BEGIN Data provided
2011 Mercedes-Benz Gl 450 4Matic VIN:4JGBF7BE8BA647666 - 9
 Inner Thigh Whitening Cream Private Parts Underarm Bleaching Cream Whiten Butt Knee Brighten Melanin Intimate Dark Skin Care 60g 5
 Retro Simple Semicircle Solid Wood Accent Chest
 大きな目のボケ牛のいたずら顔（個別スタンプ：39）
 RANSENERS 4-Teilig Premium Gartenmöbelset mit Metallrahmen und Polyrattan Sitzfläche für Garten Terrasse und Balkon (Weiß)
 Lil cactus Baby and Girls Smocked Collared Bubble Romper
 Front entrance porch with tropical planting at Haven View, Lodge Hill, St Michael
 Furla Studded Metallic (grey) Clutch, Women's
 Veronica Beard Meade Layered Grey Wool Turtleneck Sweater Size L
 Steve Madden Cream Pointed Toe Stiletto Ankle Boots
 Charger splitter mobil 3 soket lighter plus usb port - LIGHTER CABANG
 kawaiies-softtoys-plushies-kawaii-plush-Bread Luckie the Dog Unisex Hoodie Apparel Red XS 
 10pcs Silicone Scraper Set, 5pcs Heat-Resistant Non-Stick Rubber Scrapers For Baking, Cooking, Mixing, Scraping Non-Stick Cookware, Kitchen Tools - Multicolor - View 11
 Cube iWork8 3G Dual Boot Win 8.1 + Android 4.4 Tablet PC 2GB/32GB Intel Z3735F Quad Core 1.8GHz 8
END Data provided
Task item: Output exactly one stretch of the listing: from the line containing "RANSENERS 4-Teilig Premium" through the line containing "Veronica Beard Meade", both end lines included.

Solution for this problem:
 RANSENERS 4-Teilig Premium Gartenmöbelset mit Metallrahmen und Polyrattan Sitzfläche für Garten Terrasse und Balkon (Weiß)
 Lil cactus Baby and Girls Smocked Collared Bubble Romper
 Front entrance porch with tropical planting at Haven View, Lodge Hill, St Michael
 Furla Studded Metallic (grey) Clutch, Women's
 Veronica Beard Meade Layered Grey Wool Turtleneck Sweater Size L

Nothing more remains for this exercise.